▸ EXERCISE AIM: From the entries below, copy out every line with "Toyota" in it.

▸ LISTED ENTRIES:
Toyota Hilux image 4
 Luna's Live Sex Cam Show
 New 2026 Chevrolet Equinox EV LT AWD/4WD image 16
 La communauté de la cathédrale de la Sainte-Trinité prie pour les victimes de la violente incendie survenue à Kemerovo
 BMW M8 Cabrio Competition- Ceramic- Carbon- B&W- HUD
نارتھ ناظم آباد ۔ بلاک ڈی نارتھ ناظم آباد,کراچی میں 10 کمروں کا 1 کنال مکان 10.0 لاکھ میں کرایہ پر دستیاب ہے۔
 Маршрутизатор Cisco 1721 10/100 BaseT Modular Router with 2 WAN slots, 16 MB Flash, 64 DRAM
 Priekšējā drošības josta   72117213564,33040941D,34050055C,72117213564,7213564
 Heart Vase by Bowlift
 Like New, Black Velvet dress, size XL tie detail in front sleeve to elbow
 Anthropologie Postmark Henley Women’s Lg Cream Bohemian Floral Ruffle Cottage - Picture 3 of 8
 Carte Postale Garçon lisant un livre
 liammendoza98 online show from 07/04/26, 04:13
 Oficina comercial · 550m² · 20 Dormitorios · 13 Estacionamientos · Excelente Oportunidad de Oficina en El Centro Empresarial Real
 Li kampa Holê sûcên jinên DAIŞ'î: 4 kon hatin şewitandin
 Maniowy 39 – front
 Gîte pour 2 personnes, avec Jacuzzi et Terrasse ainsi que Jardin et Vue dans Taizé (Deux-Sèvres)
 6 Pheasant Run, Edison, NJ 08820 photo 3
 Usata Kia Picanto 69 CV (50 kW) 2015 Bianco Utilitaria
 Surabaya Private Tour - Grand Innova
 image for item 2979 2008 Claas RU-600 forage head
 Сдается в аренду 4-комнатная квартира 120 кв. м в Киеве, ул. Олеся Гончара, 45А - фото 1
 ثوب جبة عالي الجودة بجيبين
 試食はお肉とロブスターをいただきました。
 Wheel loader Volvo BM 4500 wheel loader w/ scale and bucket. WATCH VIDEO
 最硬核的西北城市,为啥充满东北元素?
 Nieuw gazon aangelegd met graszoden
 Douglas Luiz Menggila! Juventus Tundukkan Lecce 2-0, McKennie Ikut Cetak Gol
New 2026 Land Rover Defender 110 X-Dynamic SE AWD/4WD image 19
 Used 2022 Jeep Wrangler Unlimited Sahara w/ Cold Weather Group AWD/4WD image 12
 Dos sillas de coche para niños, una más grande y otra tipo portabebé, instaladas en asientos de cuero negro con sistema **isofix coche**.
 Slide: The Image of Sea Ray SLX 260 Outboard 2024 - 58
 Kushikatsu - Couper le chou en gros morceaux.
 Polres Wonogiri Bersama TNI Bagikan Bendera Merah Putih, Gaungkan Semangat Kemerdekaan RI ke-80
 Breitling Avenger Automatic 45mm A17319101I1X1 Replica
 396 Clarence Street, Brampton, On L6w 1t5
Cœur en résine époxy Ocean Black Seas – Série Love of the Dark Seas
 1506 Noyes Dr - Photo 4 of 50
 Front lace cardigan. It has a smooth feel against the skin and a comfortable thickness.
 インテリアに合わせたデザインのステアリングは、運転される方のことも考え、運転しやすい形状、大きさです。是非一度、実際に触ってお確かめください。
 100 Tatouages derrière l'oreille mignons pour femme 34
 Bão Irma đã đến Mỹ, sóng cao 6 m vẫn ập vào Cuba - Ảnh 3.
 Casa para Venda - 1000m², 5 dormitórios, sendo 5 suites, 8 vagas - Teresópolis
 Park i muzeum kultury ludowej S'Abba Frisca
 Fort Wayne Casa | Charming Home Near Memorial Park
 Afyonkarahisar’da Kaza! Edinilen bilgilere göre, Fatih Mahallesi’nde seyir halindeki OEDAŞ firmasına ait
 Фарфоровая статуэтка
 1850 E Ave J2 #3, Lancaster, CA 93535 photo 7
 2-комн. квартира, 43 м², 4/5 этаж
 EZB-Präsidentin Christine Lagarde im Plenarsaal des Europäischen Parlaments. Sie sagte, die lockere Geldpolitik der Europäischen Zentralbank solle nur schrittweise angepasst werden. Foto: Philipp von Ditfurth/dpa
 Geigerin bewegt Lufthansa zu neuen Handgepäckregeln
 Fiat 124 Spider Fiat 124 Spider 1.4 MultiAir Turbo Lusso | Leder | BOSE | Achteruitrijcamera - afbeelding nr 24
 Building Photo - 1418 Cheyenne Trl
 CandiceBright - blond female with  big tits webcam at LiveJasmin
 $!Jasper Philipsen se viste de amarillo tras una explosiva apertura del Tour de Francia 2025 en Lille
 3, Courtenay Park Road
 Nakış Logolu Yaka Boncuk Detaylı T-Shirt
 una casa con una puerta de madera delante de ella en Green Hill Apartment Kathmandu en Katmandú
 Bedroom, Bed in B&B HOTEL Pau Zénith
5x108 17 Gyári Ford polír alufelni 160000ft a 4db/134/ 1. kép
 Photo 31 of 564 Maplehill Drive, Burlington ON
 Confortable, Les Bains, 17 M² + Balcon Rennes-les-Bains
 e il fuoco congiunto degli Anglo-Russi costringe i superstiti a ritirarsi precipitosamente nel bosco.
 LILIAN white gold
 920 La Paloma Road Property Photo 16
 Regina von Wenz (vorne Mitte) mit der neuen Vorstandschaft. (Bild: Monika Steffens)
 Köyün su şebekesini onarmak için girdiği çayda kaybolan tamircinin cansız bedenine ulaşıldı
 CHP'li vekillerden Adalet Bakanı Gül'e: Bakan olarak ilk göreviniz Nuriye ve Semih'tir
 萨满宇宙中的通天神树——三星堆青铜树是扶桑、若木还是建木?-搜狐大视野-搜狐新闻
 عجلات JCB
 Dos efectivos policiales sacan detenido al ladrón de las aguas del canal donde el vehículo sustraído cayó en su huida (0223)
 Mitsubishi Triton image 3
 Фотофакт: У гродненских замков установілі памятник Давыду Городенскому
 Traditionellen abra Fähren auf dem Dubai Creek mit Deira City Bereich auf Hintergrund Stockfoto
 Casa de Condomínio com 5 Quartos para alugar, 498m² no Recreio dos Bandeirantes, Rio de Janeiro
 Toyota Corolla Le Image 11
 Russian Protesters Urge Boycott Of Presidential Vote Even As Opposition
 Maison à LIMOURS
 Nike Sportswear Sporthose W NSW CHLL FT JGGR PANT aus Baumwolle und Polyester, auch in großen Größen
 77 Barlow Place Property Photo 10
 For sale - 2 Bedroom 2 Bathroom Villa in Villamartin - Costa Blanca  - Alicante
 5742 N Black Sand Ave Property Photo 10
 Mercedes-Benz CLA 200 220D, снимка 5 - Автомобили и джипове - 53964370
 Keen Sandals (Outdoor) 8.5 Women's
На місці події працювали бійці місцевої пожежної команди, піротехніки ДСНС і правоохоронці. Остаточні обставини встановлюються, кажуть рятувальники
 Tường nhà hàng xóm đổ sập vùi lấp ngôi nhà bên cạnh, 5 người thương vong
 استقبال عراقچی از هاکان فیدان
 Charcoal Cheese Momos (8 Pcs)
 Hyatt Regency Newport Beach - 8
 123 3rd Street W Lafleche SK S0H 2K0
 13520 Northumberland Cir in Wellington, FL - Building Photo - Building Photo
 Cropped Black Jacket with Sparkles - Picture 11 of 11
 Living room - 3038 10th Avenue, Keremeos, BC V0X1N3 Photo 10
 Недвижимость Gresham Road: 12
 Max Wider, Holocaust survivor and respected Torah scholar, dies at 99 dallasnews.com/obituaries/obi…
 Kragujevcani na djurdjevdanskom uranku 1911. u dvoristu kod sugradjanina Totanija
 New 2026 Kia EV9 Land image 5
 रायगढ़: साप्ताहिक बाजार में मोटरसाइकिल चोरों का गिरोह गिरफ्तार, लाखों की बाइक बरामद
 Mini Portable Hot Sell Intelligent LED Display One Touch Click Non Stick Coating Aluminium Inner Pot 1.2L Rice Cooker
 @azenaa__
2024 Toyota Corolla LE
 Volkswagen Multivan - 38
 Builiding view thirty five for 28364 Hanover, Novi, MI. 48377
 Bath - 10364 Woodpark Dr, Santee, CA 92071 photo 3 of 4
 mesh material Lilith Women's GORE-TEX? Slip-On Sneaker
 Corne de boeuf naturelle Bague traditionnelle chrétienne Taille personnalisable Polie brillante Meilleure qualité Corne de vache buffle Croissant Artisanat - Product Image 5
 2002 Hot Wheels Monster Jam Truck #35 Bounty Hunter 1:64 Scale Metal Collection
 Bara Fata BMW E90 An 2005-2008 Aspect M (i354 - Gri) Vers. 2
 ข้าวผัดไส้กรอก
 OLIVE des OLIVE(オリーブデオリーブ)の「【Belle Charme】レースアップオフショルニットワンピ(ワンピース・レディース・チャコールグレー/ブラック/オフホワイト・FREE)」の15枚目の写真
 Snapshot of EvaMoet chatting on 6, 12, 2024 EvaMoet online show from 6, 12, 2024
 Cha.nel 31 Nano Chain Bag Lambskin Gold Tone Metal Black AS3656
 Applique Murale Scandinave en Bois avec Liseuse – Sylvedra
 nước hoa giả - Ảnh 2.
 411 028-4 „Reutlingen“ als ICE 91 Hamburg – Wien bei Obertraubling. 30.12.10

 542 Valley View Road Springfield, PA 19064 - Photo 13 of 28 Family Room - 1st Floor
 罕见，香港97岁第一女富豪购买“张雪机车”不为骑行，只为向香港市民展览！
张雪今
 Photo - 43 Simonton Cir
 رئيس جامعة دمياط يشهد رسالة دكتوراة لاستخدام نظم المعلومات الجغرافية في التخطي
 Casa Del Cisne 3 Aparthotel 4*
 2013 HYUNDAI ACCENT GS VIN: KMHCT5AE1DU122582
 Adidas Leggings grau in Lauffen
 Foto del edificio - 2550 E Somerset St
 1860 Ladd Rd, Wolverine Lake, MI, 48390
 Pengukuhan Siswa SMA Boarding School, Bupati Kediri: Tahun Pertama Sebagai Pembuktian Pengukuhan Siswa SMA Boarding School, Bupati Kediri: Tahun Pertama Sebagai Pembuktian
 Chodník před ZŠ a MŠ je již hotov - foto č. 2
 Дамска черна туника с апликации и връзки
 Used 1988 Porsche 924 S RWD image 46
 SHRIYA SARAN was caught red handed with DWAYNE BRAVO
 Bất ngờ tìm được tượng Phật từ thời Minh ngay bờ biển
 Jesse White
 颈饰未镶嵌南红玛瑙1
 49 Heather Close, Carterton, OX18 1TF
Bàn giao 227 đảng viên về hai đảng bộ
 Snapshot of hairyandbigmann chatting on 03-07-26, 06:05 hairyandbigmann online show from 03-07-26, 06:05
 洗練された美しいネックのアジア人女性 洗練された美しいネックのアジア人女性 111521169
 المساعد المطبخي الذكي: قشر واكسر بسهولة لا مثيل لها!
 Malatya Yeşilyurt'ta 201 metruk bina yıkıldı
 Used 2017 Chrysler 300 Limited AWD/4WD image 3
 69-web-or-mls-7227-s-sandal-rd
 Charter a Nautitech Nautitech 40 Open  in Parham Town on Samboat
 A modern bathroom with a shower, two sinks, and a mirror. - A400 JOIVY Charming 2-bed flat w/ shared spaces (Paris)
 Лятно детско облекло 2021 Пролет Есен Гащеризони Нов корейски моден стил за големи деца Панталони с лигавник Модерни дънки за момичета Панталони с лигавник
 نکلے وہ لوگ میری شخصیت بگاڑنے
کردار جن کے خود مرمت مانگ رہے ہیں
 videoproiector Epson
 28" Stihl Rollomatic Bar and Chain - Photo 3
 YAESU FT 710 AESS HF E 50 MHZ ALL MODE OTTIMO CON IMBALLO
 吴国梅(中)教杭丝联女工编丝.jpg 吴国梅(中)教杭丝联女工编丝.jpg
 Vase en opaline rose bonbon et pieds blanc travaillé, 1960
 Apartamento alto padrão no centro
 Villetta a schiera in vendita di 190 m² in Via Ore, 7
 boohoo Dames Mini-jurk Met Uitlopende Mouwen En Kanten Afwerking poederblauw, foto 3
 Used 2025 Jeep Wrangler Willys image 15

▸ TASK ANSWER:
Toyota Hilux image 4
 Toyota Corolla Le Image 11
2024 Toyota Corolla LE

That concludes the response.